La Vie d’Apollonios de Tyane, écrite pour satisfaire un désir de l’impératrice Julia, lui est dédiée[1] ; elle parut donc avant 217, date de sa mort. Le célèbre thaumaturge pythagoricien avait disparu depuis plus d’un siècle. Mais la crédulité contemporaine entretenait son souvenir et l’entourait de légendes. On possédait des mémoires de sa vie, authentiques ou non, attribués à son disciple Damis, qui était censé avoir fait pour lui ce qu’Arrien avait fait pour Épictète. On lisait aussi, soit ce que le philosophe Maxime avait raconté de son séjour à Ægae en Achaïe, soit les quatre livres qu’un certain Mœragénès avait composés sur lui[2]. En outre, des récits anonymes circulaient ; on colportait ses lettres, vraies ou fausses ; les villes qu’il avait visitées et les temples dont il avait restauré les oracles le célébraient par des fables qui passaient pour des témoignages[3]. Peu à peu, tout le mysticisme néo-pythagoricien du temps prenait corps dans cette tradition de plus en plus légendaire, et Apollonios devenait un homme divin, en qui ces esprits désorientés réalisaient leur idéal.

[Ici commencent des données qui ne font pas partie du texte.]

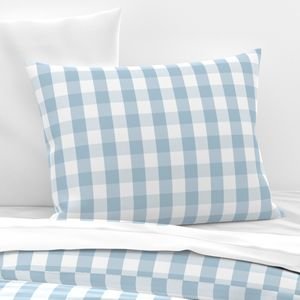 Sky Blue and White French Provincial Winter Gingham Check Home Styling Collection Interior Collection gingham curtains pillow sham design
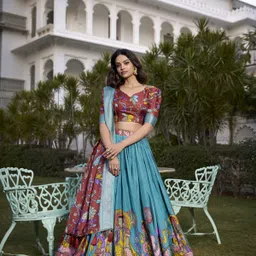 shringarhouse Embroidered, Floral Print, Printed, Geometric Print, Digital Print Semi Stitched Lehenga Choli image 5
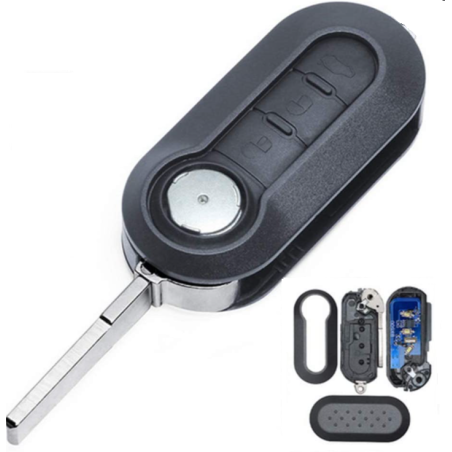 GUSCIO CHIAVE COMPLETO 3 TASTI: CON CHIP ID46 TIPO FREQUENZA: 433MHZ TASTO APERTURA TASTO CHIUSURA TASTO PORTELLONE FIAT 500 31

Non seulement Philostrate était incapable de dégager de ces récits confus ce qu’ils contenaient de vérité, mais il n’eut, à aucun degré, le souci de le faire. Le dessein qu’il déclare fut de montrer qu’Apollonios n’était pas un sorcier, « un mage », comme on disait alors, opérant des miracles au moyen de pratiques occultes et d’incantations, mais un homme vraiment doué d’une vertu divine, ou, pour mieux dire, une sorte de dieu. Ce que d’autres appelaient magie, Philostrate le nommait, lui,

  1. Vie d’Apoll., l. I, ch. iii.
  2. Ibid.
  3. Ibid.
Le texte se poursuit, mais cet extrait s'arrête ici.